▶ **Exercise goal**
What is needed is an exact transcription of the line with "ES LA SUMA DE" and all the lines that follow it in the entries below; add nothing else.

━━━━━ Given data

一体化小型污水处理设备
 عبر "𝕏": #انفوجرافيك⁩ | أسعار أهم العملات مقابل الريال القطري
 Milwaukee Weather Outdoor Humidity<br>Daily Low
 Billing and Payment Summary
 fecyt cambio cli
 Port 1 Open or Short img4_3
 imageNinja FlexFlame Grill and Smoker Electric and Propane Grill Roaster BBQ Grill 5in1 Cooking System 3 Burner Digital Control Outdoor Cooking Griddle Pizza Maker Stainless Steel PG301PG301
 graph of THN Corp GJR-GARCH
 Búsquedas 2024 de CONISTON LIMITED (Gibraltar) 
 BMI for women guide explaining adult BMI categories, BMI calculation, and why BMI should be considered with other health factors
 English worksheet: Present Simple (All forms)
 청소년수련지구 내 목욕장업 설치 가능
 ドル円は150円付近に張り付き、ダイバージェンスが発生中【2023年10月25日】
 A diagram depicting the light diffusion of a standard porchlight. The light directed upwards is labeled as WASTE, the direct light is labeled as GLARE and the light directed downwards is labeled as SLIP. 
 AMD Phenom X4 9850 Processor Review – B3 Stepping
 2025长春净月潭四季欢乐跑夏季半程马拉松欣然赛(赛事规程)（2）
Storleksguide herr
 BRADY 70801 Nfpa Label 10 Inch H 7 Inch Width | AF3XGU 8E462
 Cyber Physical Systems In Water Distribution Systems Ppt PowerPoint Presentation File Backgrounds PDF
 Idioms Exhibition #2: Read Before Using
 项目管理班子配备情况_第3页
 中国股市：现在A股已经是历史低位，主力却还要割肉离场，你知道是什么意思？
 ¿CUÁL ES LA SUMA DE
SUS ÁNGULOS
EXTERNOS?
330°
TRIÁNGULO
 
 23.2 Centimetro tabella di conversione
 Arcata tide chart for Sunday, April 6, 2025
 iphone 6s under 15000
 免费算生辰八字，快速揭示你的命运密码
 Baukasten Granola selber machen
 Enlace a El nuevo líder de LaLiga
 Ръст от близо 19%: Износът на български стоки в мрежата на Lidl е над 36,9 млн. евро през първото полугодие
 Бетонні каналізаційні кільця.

━━━━━━━━━━

▶ **Response to this task**
 ¿CUÁL ES LA SUMA DE
SUS ÁNGULOS
EXTERNOS?
330°
TRIÁNGULO
 
 23.2 Centimetro tabella di conversione
 Arcata tide chart for Sunday, April 6, 2025
 iphone 6s under 15000
 免费算生辰八字，快速揭示你的命运密码
 Baukasten Granola selber machen
 Enlace a El nuevo líder de LaLiga
 Ръст от близо 19%: Износът на български стоки в мрежата на Lidl е над 36,9 млн. евро през първото полугодие
 Бетонні каналізаційні кільця.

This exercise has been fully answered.